TASK INSTRUCTIONS. With the pictures left out, please return exactly the line holding "Sunroom with wood" and each following line until the entries end.

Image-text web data
* * * *

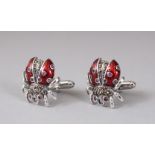 A PAIR OF SILVER AND RED ENAMEL LADYBIRD CUFFLINKS.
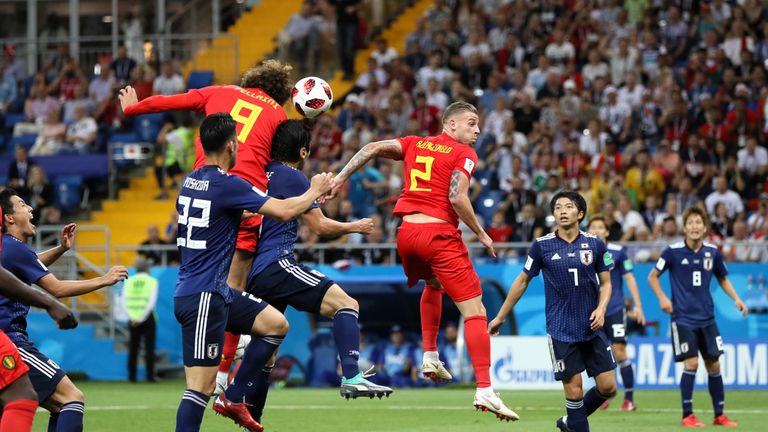 Marouane Fellaini rises to head Belgium level during a breathless second half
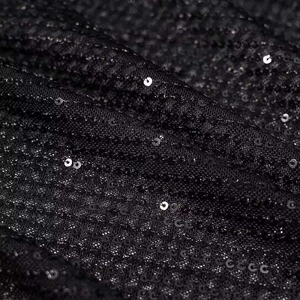Makroaufnahme von schwarzen Pailletten auf Netzgewebe für ein elegantes Abendkleid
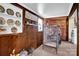 Sunroom with wood paneling, brick fireplace, and birdcage at 45 Sunderland Rd, Concord, NC 28027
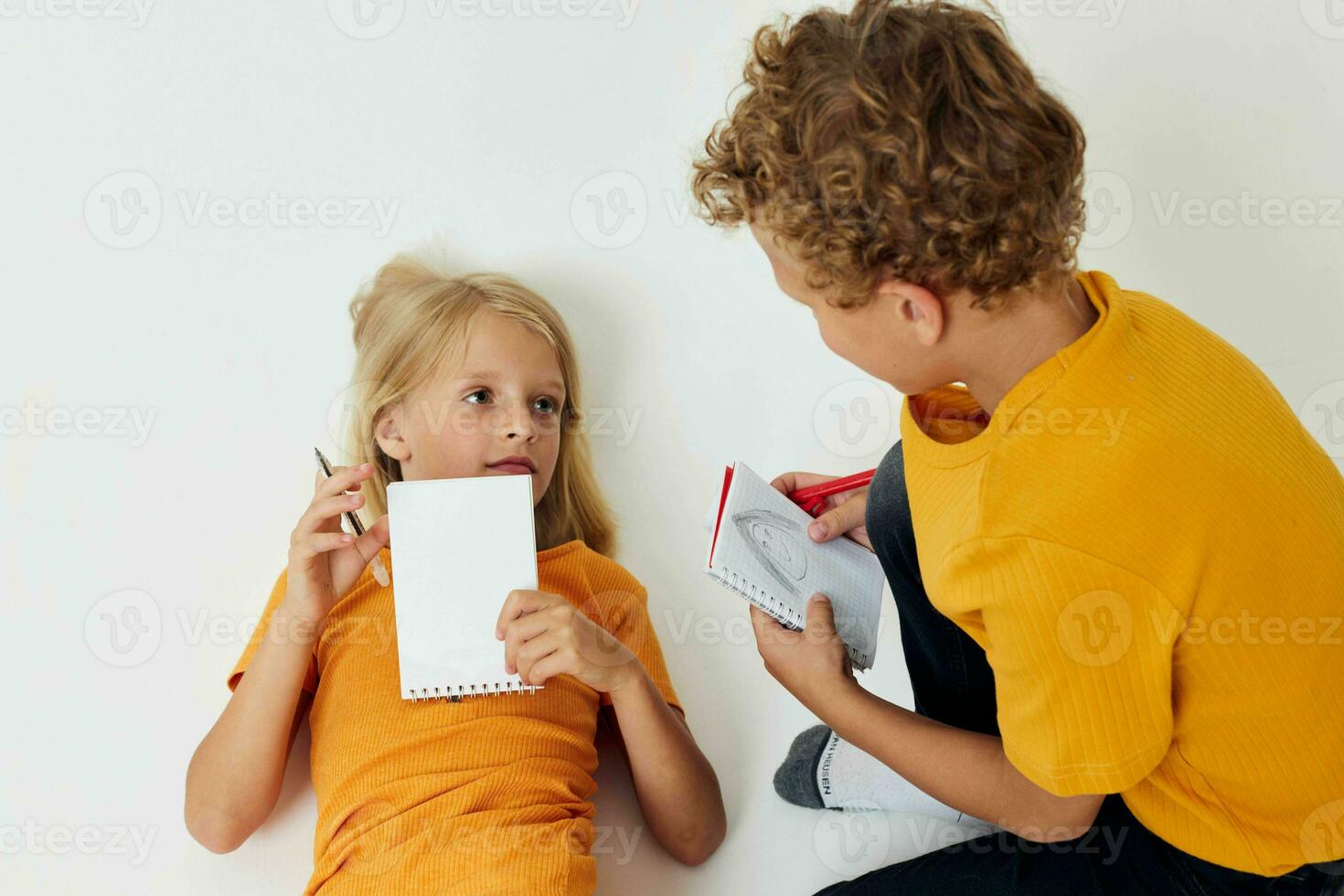 picture of positive boy and girl drawing in notebooks lying on the floor light background unaltered photo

* * * *

ANSWER SPACE.
 Sunroom with wood paneling, brick fireplace, and birdcage at 45 Sunderland Rd, Concord, NC 28027
 picture of positive boy and girl drawing in notebooks lying on the floor light background unaltered photo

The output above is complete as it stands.